#### Extracted records ####
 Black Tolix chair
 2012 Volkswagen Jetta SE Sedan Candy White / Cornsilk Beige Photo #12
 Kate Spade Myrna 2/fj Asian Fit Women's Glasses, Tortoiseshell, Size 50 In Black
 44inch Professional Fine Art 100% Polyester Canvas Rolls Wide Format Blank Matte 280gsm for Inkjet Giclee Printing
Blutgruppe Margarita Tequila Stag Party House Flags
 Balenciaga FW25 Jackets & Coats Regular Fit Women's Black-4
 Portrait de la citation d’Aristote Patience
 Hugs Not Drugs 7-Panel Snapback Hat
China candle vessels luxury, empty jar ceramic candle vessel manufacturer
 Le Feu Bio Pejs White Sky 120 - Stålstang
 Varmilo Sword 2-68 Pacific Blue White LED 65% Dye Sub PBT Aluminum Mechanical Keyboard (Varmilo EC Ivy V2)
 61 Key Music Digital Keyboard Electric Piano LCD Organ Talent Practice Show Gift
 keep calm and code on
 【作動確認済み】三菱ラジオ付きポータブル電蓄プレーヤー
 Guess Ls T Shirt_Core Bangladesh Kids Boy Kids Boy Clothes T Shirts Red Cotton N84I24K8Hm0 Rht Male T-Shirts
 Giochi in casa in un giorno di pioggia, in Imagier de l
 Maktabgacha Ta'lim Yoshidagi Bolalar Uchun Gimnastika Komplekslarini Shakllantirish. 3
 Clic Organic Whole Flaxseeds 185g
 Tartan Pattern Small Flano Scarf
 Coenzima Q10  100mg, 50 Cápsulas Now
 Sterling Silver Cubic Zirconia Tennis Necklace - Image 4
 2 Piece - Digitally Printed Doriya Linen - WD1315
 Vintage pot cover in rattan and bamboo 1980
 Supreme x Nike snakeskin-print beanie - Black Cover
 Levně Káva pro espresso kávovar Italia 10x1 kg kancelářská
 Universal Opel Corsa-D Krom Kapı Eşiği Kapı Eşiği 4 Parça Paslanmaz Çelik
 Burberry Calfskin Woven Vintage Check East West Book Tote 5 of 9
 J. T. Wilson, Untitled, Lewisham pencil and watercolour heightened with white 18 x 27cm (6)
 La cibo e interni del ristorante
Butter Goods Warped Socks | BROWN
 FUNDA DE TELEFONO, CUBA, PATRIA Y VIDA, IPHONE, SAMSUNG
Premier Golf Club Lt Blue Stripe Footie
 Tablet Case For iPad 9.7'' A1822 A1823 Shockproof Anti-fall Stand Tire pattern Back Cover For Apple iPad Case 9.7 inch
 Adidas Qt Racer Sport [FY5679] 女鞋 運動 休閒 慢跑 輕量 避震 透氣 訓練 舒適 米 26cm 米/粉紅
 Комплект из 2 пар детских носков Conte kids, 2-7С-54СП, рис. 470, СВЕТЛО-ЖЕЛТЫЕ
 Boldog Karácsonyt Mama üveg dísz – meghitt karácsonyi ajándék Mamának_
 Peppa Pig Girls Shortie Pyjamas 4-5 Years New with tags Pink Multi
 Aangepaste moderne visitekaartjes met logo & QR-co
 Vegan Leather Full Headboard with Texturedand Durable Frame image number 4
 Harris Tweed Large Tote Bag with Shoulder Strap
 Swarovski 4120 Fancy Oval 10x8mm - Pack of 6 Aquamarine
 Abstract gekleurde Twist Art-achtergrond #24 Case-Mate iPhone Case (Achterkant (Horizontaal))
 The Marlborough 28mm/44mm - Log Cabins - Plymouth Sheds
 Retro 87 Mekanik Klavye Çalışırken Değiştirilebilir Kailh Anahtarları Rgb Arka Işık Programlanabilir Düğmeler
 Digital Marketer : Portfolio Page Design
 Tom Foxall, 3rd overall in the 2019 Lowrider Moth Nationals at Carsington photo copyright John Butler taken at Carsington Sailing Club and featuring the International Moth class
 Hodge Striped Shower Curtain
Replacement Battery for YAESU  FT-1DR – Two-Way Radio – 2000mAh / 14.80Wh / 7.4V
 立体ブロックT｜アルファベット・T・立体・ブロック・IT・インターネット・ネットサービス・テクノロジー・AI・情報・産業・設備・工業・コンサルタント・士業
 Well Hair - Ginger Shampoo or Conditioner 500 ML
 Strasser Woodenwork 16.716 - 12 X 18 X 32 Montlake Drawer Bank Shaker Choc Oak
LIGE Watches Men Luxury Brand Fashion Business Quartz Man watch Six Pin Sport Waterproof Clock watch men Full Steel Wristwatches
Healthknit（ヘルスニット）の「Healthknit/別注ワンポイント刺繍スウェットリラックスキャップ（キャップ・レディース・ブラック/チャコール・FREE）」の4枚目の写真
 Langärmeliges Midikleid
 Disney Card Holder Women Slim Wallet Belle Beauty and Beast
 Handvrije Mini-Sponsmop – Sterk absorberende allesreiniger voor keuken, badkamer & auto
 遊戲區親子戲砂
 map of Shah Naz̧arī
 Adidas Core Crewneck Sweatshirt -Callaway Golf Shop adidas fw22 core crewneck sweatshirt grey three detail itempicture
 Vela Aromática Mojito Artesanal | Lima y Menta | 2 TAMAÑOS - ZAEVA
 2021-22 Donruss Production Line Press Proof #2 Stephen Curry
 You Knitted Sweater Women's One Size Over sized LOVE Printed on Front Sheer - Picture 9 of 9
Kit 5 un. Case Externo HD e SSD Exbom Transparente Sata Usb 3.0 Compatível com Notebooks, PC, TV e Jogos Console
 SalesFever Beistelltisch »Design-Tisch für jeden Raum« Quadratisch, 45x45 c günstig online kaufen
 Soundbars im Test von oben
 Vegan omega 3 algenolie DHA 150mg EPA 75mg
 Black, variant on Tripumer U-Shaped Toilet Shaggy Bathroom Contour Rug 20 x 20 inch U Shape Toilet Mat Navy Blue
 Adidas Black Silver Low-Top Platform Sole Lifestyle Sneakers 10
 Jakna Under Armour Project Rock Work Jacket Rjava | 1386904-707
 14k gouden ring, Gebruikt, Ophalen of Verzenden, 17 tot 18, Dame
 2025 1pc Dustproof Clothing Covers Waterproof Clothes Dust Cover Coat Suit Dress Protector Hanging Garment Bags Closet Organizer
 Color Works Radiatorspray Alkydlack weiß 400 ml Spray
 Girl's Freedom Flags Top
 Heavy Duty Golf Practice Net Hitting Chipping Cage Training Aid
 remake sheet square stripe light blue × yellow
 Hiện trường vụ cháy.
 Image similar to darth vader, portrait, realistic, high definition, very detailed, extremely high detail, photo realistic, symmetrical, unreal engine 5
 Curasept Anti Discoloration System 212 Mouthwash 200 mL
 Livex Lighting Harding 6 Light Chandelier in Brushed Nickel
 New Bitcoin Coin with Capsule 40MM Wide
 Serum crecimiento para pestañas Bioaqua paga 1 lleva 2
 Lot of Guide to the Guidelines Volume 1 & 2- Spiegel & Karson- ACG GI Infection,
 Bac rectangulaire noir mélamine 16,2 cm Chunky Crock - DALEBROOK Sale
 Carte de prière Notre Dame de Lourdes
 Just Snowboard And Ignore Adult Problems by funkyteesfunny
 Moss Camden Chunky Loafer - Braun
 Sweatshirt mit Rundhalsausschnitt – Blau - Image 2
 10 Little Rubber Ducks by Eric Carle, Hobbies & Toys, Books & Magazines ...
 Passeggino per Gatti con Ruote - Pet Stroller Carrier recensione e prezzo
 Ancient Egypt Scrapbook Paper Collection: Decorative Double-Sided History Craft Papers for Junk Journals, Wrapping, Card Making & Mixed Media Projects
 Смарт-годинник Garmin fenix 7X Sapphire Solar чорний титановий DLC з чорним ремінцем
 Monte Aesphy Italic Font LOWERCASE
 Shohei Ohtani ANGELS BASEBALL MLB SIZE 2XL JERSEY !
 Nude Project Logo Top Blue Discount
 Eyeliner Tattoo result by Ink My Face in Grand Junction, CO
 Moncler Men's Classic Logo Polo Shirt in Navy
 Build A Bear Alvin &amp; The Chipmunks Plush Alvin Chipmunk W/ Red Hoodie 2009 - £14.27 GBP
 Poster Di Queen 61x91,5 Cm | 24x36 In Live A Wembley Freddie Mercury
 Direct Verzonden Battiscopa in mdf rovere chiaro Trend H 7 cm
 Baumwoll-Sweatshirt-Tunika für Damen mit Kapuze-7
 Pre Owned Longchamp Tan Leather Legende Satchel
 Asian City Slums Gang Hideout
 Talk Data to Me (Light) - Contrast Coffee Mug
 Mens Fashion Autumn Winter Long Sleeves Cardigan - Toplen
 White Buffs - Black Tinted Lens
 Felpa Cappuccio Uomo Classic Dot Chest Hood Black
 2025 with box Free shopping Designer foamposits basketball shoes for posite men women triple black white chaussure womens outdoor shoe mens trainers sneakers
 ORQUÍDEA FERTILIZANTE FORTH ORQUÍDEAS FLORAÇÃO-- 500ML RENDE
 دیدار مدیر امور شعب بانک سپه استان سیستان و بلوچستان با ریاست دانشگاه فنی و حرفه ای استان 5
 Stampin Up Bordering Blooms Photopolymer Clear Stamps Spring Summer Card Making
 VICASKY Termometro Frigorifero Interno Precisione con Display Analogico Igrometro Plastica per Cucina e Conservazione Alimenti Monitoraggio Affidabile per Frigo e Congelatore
####
What the exercise asks
Up to and including the line with "China candle vessels", repeat the entries exactly, beginning at their first line.

Written solution
 Black Tolix chair
 2012 Volkswagen Jetta SE Sedan Candy White / Cornsilk Beige Photo #12
 Kate Spade Myrna 2/fj Asian Fit Women's Glasses, Tortoiseshell, Size 50 In Black
 44inch Professional Fine Art 100% Polyester Canvas Rolls Wide Format Blank Matte 280gsm for Inkjet Giclee Printing
Blutgruppe Margarita Tequila Stag Party House Flags
 Balenciaga FW25 Jackets & Coats Regular Fit Women's Black-4
 Portrait de la citation d’Aristote Patience
 Hugs Not Drugs 7-Panel Snapback Hat
China candle vessels luxury, empty jar ceramic candle vessel manufacturer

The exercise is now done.